Git Product home page Git Product logo

oozie-distcp_template's Introduction

oozie-distcp_template

Problem Description:

This article will help with writing a Oozie Distcp Action workflow to run copy HDFS data across two HDFS HA cluster without updating HA configuration of both clusters on the Server side.

Background:

To run Hadoop distcp command on a Cluster with NameNode High Availability (HA) enabled, the following is required:

  1. Adding of nameservice information of both Source and destination cluster
  2. Restarting of the services.

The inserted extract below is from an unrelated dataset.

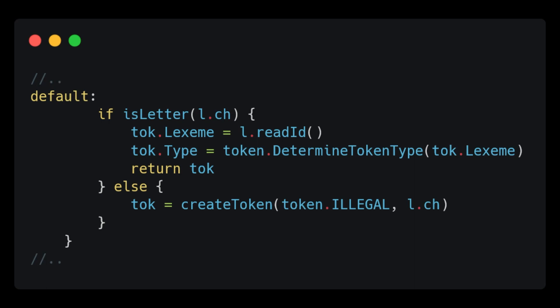It is also worth noting here that we are returning immediately after building our token. This is because readID is advancing the Lexer with multiple calls to readChar. This means that we will not want to miss a character by calling readChar again after we exit our switch statement.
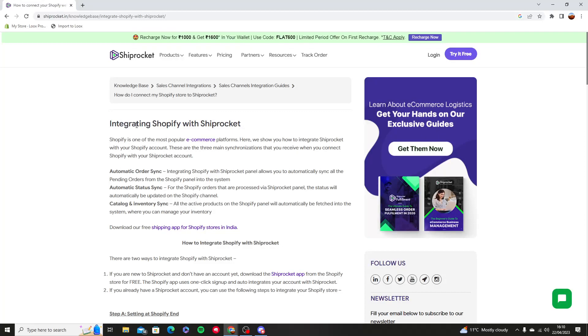Hello and welcome to this tutorial. In this video I'm going to show you how you can integrate Shopify with Shiprocket.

The reason being that YARN ResourceManager renews delegation tokens for applications.

Solution

To avoid server side configuration, the MapReduce jobs can send the configurations to RM at runtime and RM uses these configurations to renew tokens via "mapreduce.job.send-token-conf" We can leverage the same via Oozie Distcp Action.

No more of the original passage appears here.